La narcocultura, amasada del desprecio por la vida, por el trabajo y por la legalidad, ha llegado al punto de convencer a la sociedad de que el narcotráfico es una fatalidad. Tiene un componente fundamentalmente inmoral, capaz de poner en riesgo la integridad de las personas y las relaciones sociales, económicas y políticas. Subyace en ella un desprecio por lo más sagrado y por lo más digno. Y la hemos ido asimilando en la medida en que nos dejamos amedrentar por el poder del narcotráfico y llegamos a aceptar como algo familiar e imprescindible, el pulular de adictos por nuestras calles. La narcocultura se ha infiltrado en muchas partes, en el gobierno, en las empresas, en los bancos, en la familia, en la sociedad, y es el primer escollo que hay que salvar para encontrar una verdadera solución a la cuestión del narcotráfico. Si no participamos activamente, cambiando nuestra mentalidad y nuestras conductas afines a la cultura de las drogas, no podremos salir jamás, por más operativos policiacos y militares que se hagan y por más dinero que se gaste en programas de prevención y de rehabilitación.

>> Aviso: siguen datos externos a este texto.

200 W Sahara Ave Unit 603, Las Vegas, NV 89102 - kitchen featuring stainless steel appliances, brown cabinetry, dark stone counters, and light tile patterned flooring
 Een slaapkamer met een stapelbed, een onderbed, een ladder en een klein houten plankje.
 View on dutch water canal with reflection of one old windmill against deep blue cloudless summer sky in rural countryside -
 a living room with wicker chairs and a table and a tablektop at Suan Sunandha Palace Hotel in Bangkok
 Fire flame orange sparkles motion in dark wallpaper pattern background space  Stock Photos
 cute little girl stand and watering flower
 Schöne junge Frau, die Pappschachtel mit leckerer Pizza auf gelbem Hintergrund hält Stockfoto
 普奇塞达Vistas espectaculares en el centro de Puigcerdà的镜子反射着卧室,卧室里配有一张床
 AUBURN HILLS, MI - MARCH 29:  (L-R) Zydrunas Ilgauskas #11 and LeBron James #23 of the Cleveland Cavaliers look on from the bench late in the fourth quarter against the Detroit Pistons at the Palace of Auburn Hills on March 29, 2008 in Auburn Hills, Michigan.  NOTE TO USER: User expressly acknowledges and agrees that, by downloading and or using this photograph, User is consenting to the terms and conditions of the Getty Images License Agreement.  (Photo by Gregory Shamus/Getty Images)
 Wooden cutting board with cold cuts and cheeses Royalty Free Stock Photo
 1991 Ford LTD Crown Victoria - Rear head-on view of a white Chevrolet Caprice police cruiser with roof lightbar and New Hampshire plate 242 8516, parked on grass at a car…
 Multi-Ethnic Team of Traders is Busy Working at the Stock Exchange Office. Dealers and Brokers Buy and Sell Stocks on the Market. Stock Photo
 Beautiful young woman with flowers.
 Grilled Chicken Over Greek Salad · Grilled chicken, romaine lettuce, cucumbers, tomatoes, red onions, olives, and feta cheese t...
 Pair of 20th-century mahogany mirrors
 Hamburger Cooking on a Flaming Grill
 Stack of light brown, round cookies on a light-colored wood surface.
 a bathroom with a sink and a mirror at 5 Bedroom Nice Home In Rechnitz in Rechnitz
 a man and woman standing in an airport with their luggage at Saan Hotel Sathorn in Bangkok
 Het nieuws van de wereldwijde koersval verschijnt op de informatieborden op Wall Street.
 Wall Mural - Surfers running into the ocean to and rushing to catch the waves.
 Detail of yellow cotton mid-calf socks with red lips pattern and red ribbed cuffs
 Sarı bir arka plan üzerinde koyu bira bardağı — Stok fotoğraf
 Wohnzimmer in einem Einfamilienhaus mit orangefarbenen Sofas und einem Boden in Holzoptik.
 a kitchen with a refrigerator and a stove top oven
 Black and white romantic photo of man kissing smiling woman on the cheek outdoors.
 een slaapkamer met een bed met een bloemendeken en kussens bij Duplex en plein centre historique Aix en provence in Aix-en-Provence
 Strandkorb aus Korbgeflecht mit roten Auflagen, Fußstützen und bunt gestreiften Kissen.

Como consecuencia, la lucha contra el uso indebido y el tráfico ilícito de drogas, pasa por la educación. La educación tiene que ofrecer los valores que el narco pone en riesgo y entrenar a todos en una cultura de respeto a la vida, a la dignidad humana, a la ley y a la laboriosidad. De otra manera, el poder del narco es demoledor ante espíritus endebles y deformados.